At Genbu I've been working on what most closely relates to my BA studies – ethnography. Here, I'd like to go into detail and describe what is "thick data" and why you and your business should care, especially if you've ever only heard of "big data". If you want a summary, begin with this video.
Keep reading and I'll show you how deep the rabbit hole goes.
Big Data has been a buzzword for analytics and marketing for nearly 20 years
The importance of Big Data in modern society cannot be understated. It has been a buzzword for analytics and marketing for nearly 20 years already. The information society in which we live constantly produces and stores unimaginable amounts of information about our daily behaviour. It is possible, with the right tools, to filter and process various very distinctive findings from this informational mass, that can be then used to enhance marketing, management and product development strategies.
Or so they say. A few years ago behavioural economist Dan Ariely aptly remarked: ”Big data is like teenage sex: everyone talks about it, nobody really knows how to do it, everyone thinks everyone else is doing it, so everyone claims they are doing it…”
In the last few years big data has been criticised for its tendency to fade its subjects into a faceless set of numerical data, and for the risk of distorting results and evaluations acquired if big data is taken as an objective representation of real world occurrences. Despite the massive size of individual data sets, every chart and data set is always a model of reality – and the methods for gathering that data influence its usability and reliability.
Traditionally, corporate decision-making has relied on quantitative information. Nevertheless blind trust in statistics is a risky decision. There has been a lot of talk about intuition in the corporate world, often the word is brought up when the managers decide to stop looking at numerical data. This does not necessarily imply a ”shot in the dark” attitude, instead it can mean bringing in an assessment of human nature and multifaceted experience to the decision-making process.
Big data needs to be complemented with Thick data
Therefore Big data needs to be complemented with Thick data. Ethnologists, anthropologists and other humanities and social sciences researchers are a key factor in producing thick data. Tricia Wang, who has popularised the term over the past few years, refers to Clifford Geertz’s ”thick description”, a method that is the basis for modern ethnographic field research. Geertz has compared thick description to peeling onion skins: to get to the core of something interesting, be it a model of behaviour or the entirety of some social group, you need to disassemble if layer by layer, meanwhile recognising the connections in-between.

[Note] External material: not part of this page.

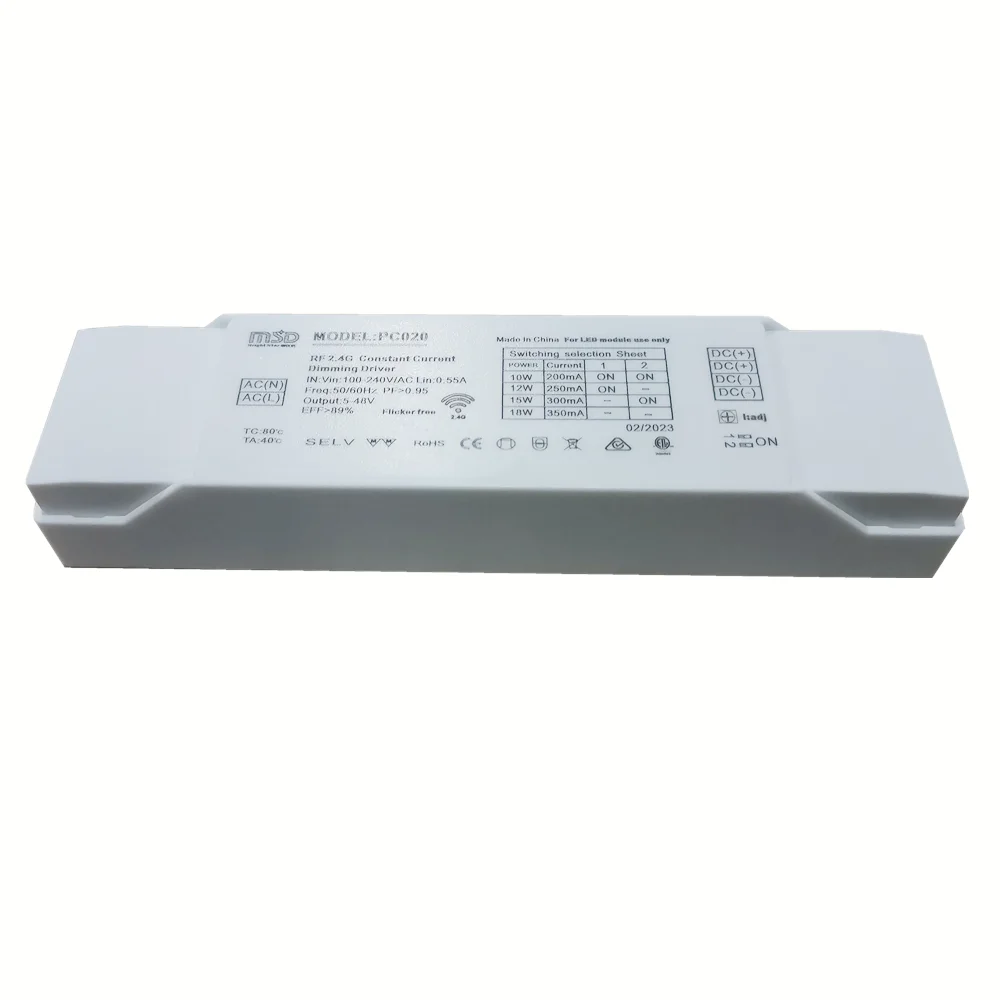 10W 350mA Constant Current Smart Home Zigbee Wifi Tuya Dali Dimming Led Driver for Led Lights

Whereas big data entails mechanic processing of large data sets, thick data comes down to analysing much smaller but attentively selected data sets from an expert’s professional viewpoint. As a method ethnography can be very straight-forward: typically the researcher interviews key persons and observes everyday situations. However a researcher well-acquainted with their subject matter and its surrounding context is equipped with the know-how to ask questions and pursue answers that otherwise would not have ever surfaced in a more cursory survey.
Ethnographic research provides and collects diverse narrational and observational content and processes them into stories through analysis. In prudent decision-making these stories that arise from the actual people and places that are affected by said decision-making are invaluable.
Ethnographic thick data should not be seen as a replacement for big data, but as its complementer. Big data can clarify certain things, but quantitative data needs qualitative data and human centered analysis for balance, especially when there is an interest toward how and why people act, not just what are they doing.